<h1><center>CMPE 462 - Quiz 4&5 <br>Implementing a Regression Tree<br>Due: May 3, 2020, 23:59</center></h1>

# Introduction

Decision trees can learn rules to map features to both continous and discrete outputs. In this quiz, you will consider the continous case and implement a regression tree to predict house prices in Boston. You will also conduct small data analysis and evaluation procedures. This notebook will guide you through.

## (10 pts) Task 1: Dataset 

Run the cells below to load Boston house prices dataset using `scikit-learn`. You can find more detail on the dataset [here](https://scikit-learn.org/stable/datasets/index.html#boston-dataset).

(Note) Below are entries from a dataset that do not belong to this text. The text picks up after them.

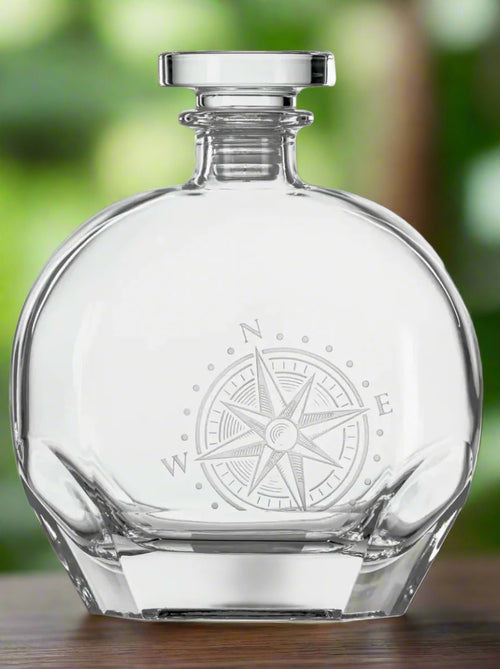 Clear glass decanter with compass engraving on a white background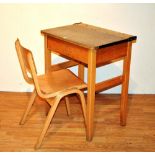 A vintage school desk with chair,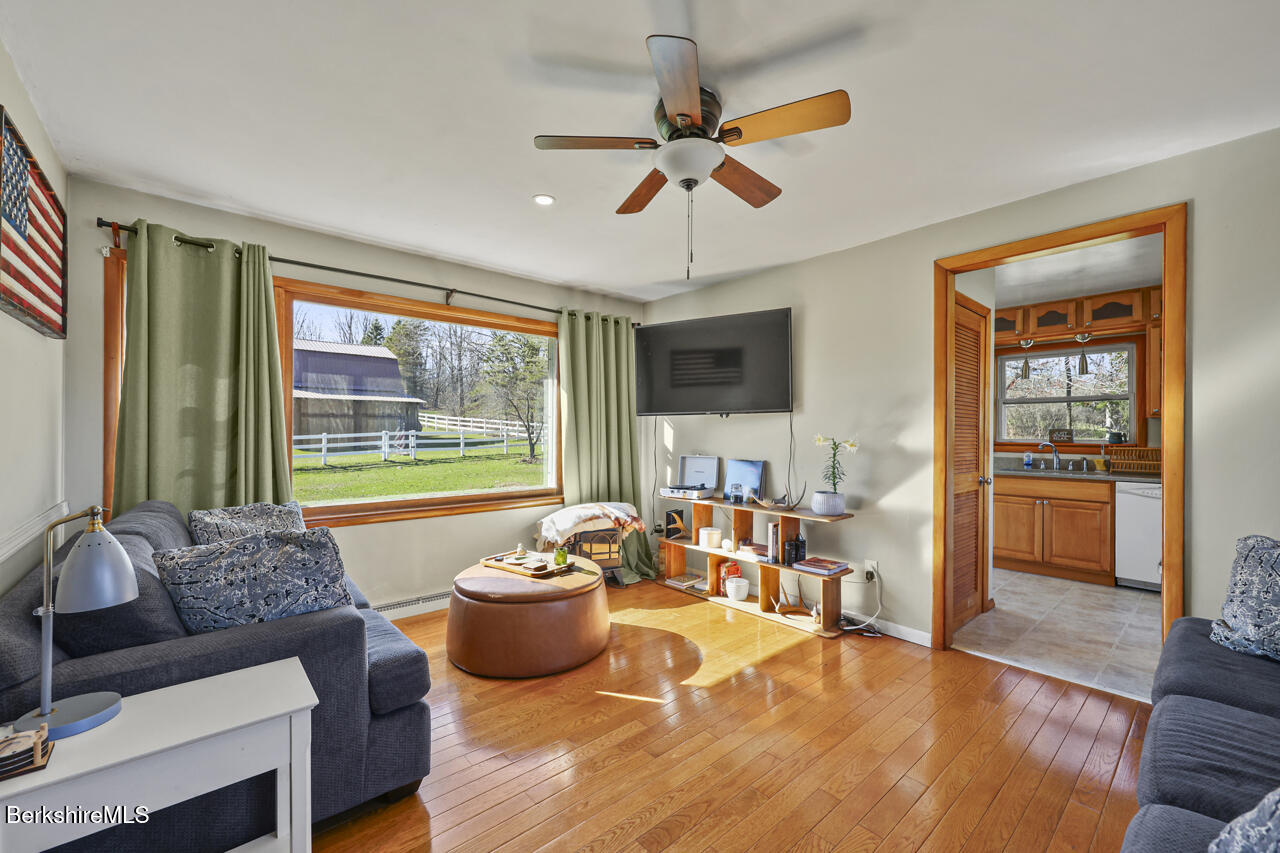 31 New Windsor Road Hinsdale, MA 01235 - Photo 3 of 15 a living room with furniture and a large window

When the dataset is loaded, construct train and test matrices, by allocating **first 400 samples** to train and the rest to test. ___Do not shuffle or randomly sample the feature matrix___.

In [None]:
import numpy as np
from sklearn.datasets import load_boston
import seaborn as sns

In [None]:
boston = load_boston()
X_y = np.column_stack([boston['data'], boston['target']])
np.random.seed(1)
np.random.shuffle(X_y)
X, y = X_y[:,:-1], X_y[:,-1]
X_train, y_train = X[:400], y[:400]
X_test, y_test = X[400:], y[400:]
del X, y, X_y

In [None]:
print(boston.keys()) # Keys of bunch
print(boston.feature_names)

In [None]:
print("Train Data:", "X:", X_train.shape, "y:", y_train.shape)
print("Test Data:", "X:", X_test.shape, "y:", y_test.shape) 

**(10 pts)** Unlike the dataset in Project 1, Boston dataset is high-dimensional and we cannot observe the relations between all features and the output with a single scatter plot. What we can do is to visualize the correlations between both features and house prices using a heatmap. So, stack the features and the outputs in a single matrix and compute correlation between all pairs of columns. Visualize the correlation coefficient matrix as a heatmap, which is $(N+1)x(N+1)$, where $N$ is the number of features in Boston dataset. You can check out `corrcoef` and `heatmap` functions from `numpy` and `seaborn` libraries, respectively. You can use diverging color palette to emphasize both positive and negative correlations.

Do you observe strong correlations between any pair of features or certain features and house price? 

In [None]:
concat_mat = np.concatenate([X_train.transpose(), y_train.reshape(1,-1)])
corr = np.corrcoef(concat_mat.reshape(-1,400))
names = list(boston.feature_names) + ["y"] 
sns.heatmap(corr, xticklabels=names, yticklabels=names)

#### First of all, all features and target have maximum correlation with itself, as expected. In addition, according to the heatmap above, target has high correlation with the feature "LSTAT". "RAD" and "TAX" also have a very strong correlation. For other features, strong correlations can be obtained as in the below cell.

In [None]:
print("Strong Correlations")
for i in range(len(names)):
    second_largest_i = np.argsort(abs(corr)[i,:])[-2]
    print(names[i], "has the strongest correlation with", names[second_largest_i]+ "("+str(second_largest_i)+")", " - Corr:", corr[i,:][second_largest_i])

print("\nWeak Correlations")
for i in range(len(names)):
    second_largest_i = np.argsort(abs(corr)[i,:])[0]
    print(names[i], "has the weakest correlation with", names[second_largest_i]+ "("+str(second_largest_i)+")", " - Corr:", corr[i,:][second_largest_i])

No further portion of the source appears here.